By James Neilson As the recent fate of the Soviet Union, Yugoslavia and that unpleasant sham that called itself the “German Democratic Republic” reminded us, nation states can die. One day they are there and look solid enough, the next they have been consigned to what Leon Trotsky called the rubbish heap of history. Though the remaining body parts may then be cannibalized to feed some newer and, perhaps, more promising example of the breed, once they have departed something, even if it is only a complicated network of loyalties that provided a framework in which people live their lives, is lost for ever. For the last year or so, Argentina has been edging nearer to the queue that is awaiting its turn outside the knacker’s yard where “failed states” are broken up. Some suspect it will soon barge its way towards the front. Last week, a former president of Uruguay, no less, titillated Spaniards with an article in El País in which he posed the question: Does Argentina still exist or has it already left us? Being an optimist at heart, towards the end of his article Julio María Sanguinetti did find some reasons for hope of which the most encouraging was the allegedly splendid quality of Argentina’s “human capital.”

The trouble is, people have been going on for decades about just how exceptionally bright they think Argentines are, but this belief — which, as might be expected is popular among Argentine intellectuals — has surely contributed a great deal to the collective debacle by making too many of them assume that the country’s plight is none of their doing or that, seeing they are so clever, they will find it easy to wriggle out of any hole they may have fallen into while their eyes were fixed on the stars. In any case, even were it to be proved beyond doubt that Argentina really is home to an astonishing number of Übermenschen that would be no consolation at all: the Titanic would have gone down just as fast if every single passenger had been a PhD.

For several months now, the country has been drifting about in choppy waters with the weather getting steadily colder and the icebergs closing in. It has just narrowly avoided a debt default, which is just as well, but in doing so it set course towards what many think looks like nasty social upheaval: trying to balance the books is not compatible with splurging on welfare. Should it crash into it, all hopes of economic recovery would have to be put on hold indefinitely, thereby darkening still further the horizon before much of the population. Then Argentina would be on its own in a world in which most countries are striving to get one over on their “competitors,” the top nations are not feeling very charitable and investors are uninterested in places which according to the natives could blow up at any moment.

The events in Salta were ominous not because they told us anything new about the desperate state of that province and of most others, but because many people decided that the time had come to exploit the unrest.
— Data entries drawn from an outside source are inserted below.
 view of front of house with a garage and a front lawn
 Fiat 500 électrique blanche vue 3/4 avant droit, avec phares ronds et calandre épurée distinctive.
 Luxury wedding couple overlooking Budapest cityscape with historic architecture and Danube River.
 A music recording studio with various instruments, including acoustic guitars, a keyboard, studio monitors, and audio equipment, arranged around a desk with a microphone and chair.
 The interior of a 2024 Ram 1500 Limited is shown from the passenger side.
Politicians such as Elisa Carrió and Carlos Ruckauf, agents provocateurs wearing balaclavas who to the dismay of more peaceful protesters trash shops and bank windows, plus a considerable number of what are known as communicators, are in their different ways doing their best to revive the mood of the early 1970s when many took it for granted that violence was justified by the sheer awfulness of it all. Together, they are preparing a noxious brew by pouring into the cauldron increasingly large quantities of nationalist sentiment, hatred for capitalism and utter contempt for politicians, especially for the President.

Carrió, who according to the pollsters is currently the most admired politician in the country, roundly declared that in her view blocking highways was perfectly legitimate, though she did soften her posture later on by admitting that she thought shooting at gendarmes sent to open them again was wrong. Would paralyzing all road transport as well as shutting down the airports help the penniless and jobless, most of whom have no skills a prospective employer might find relevant? Perhaps it would for a while if it led to a huge transfer of income from the rest of the population to those at the bottom of the economic heap, but the end result of that would be to impoverish virtually everybody, reducing most of Argentina to the level of its most wretched parts.
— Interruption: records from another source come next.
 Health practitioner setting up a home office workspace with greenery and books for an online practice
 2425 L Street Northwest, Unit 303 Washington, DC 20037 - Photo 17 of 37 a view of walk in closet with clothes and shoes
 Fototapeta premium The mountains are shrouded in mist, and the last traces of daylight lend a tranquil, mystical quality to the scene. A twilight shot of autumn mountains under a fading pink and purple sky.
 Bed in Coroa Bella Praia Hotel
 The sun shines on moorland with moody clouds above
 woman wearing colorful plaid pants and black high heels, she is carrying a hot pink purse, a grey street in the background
Those who back the pickets — do the piqueteros suspect that the name they have adopted is yet another tribute to “globalization?” — say that money or, even better, well-paying jobs and plenty of opportunities should be given to middle-class folk as well, but it is hard to believe that they really think that would be possible. Here inequality is not just a matter of a few hundred fat cats confronting millions of outcasts, it also has to do with the attempt by a huge middle class to maintain a way of life that is no longer viable: any more egalitarian arrangement would require a great many people to give ground. The populist pretence that it is merely a question of levelling up makes no sense.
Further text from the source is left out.